* AIM OF THE EXERCISE
Copy every line of the data below exactly as given, except for the pictures.

* INFORMATION GIVEN

[Start of Attachment]

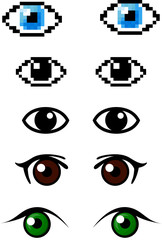 Set of different eyes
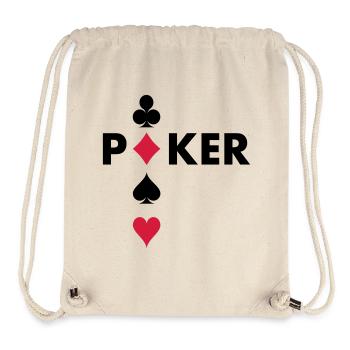 joueur de poker - Sac à cordon recyclé Stanley/Stella - blanc naturel - Devant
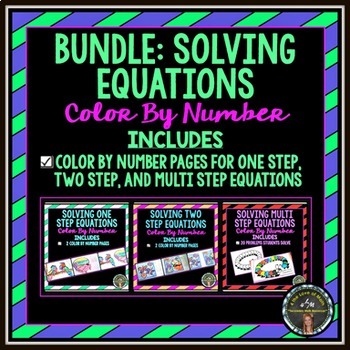 Preview of Solving Equations: Color By Number Bundle (1-step, 2-step, Multi-Step)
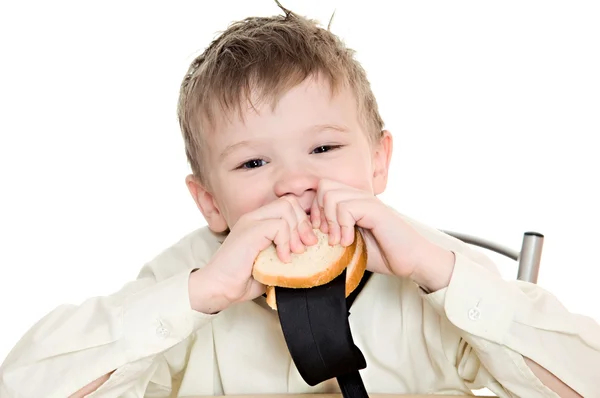 Chlapec s sendvič — Stock fotografie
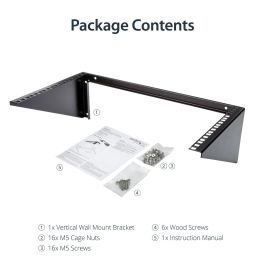 Support Startech RK619WALLV Noir Acier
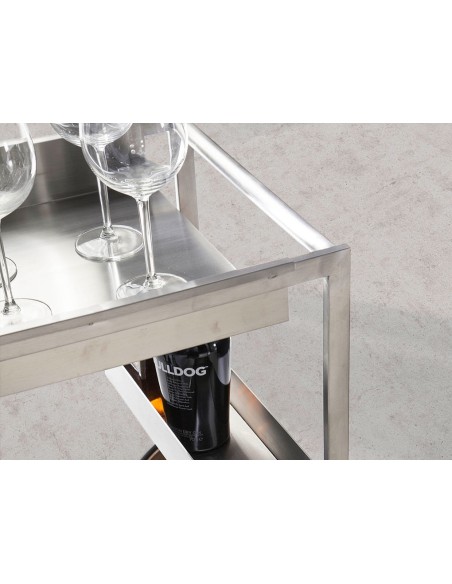 Carrito minibar acero y nogal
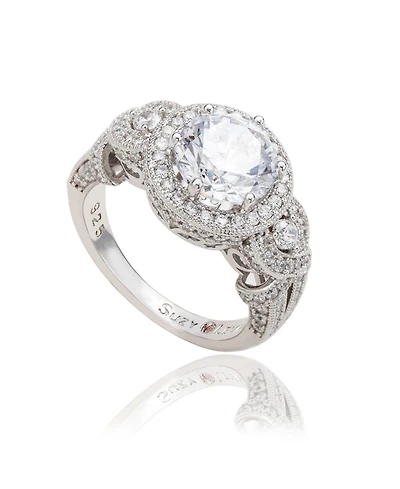 Suzy Levian Sterling Silver Round Cubic Zirconia French Filigree Ring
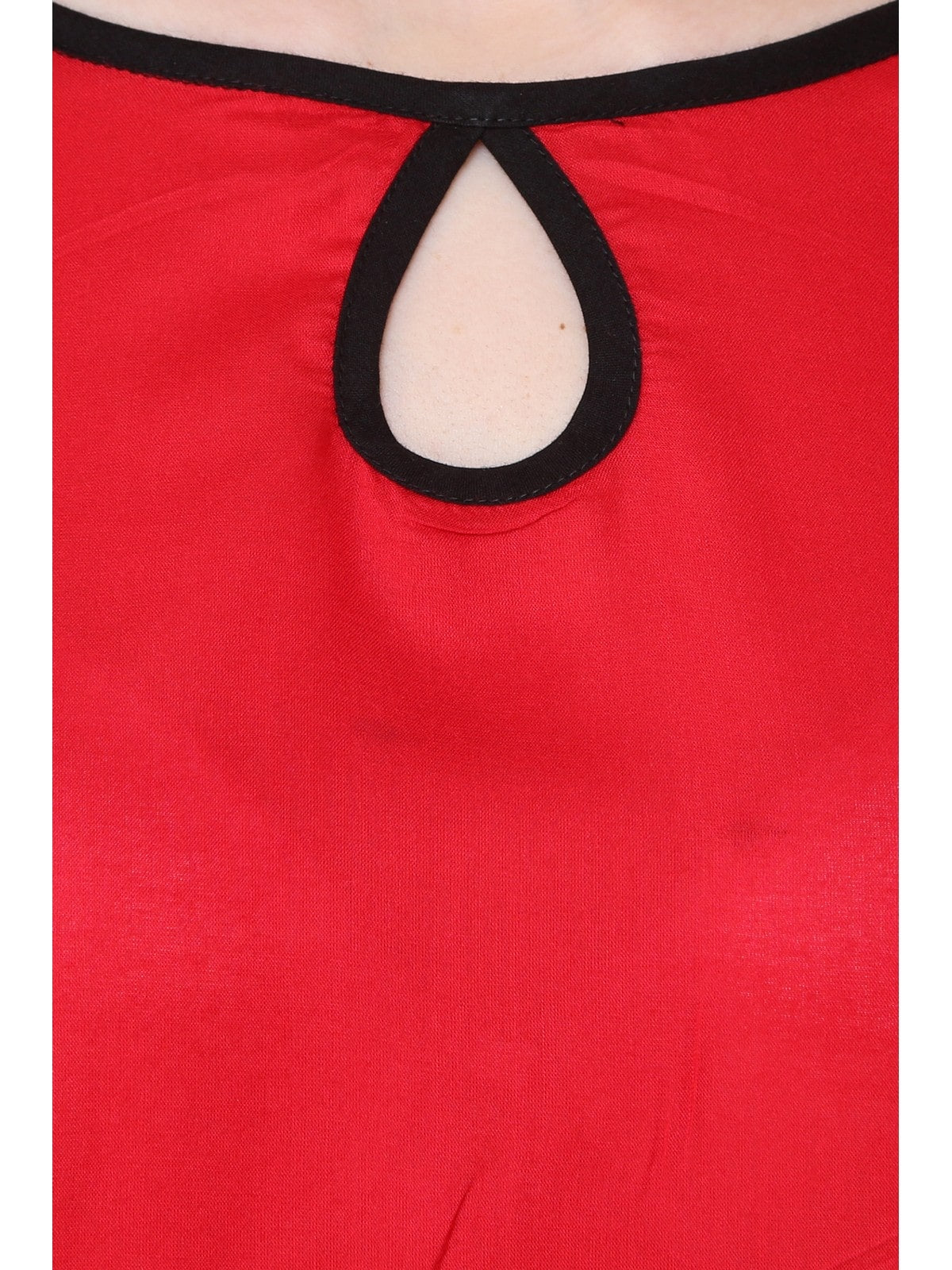 Finding Product Women's Red Black Print Keyhole Kurti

[End of Attachment]

* RESPONSE BELOW
 Set of different eyes
 joueur de poker - Sac à cordon recyclé Stanley/Stella - blanc naturel - Devant
 Preview of Solving Equations: Color By Number Bundle (1-step, 2-step, Multi-Step)
 Chlapec s sendvič — Stock fotografie
 Support Startech RK619WALLV Noir Acier
 Carrito minibar acero y nogal
 Suzy Levian Sterling Silver Round Cubic Zirconia French Filigree Ring
 Finding Product Women's Red Black Print Keyhole Kurti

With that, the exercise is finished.